[Collected data entries]
:::::

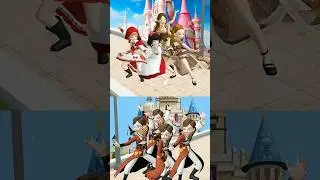 earth defense force🤓 #zepeto #earthdefenseforce #dance #trending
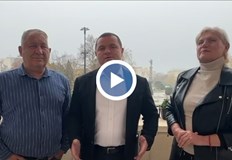 Кметът на Русе приканва жителите и гостите на града на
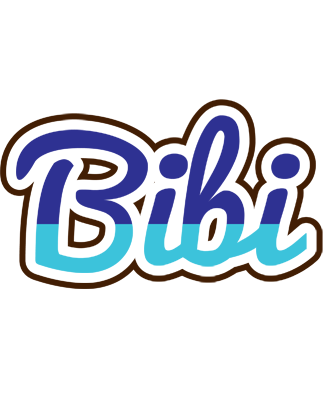 Bibi raining logo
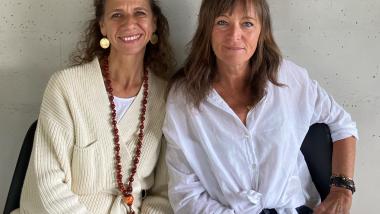 „Hoamkem ba mir“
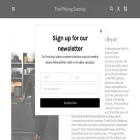 theplatingsociety.com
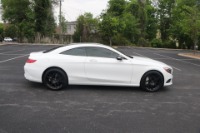Used 2016 Mercedes-Benz S 550 COUPE 4MATIC W/NAV for sale Sold at Auto Collection in Murfreesboro TN 37130 8
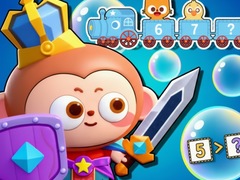 Žaidimas Cool Math For Kids: Number Sense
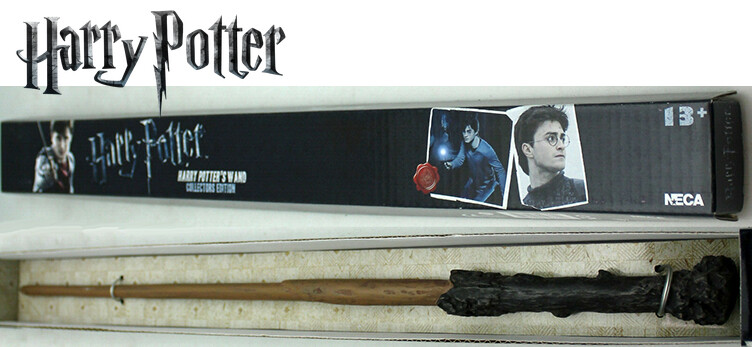 Harry Potter's Wand 14.5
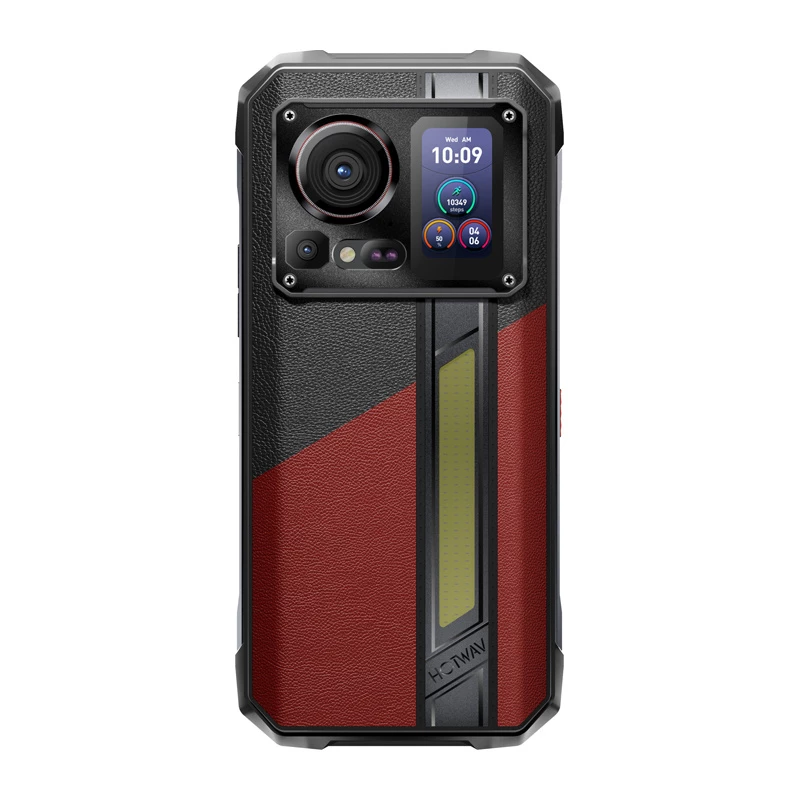 Smartphone HOTWAV Hyper 7 Pro (rot) — HOTWAV Hyper 7 Pro Rot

:::::

● YOUR TASK: When you transcribe the entries above, keep every word exact and leave out the pictures.

● RESPONSE TO THE TASK:
 earth defense force🤓 #zepeto #earthdefenseforce #dance #trending
 Кметът на Русе приканва жителите и гостите на града на
 Bibi raining logo
 „Hoamkem ba mir“
 theplatingsociety.com
Used 2016 Mercedes-Benz S 550 COUPE 4MATIC W/NAV for sale Sold at Auto Collection in Murfreesboro TN 37130 8
 Žaidimas Cool Math For Kids: Number Sense
 Harry Potter's Wand 14.5
 Smartphone HOTWAV Hyper 7 Pro (rot) — HOTWAV Hyper 7 Pro Rot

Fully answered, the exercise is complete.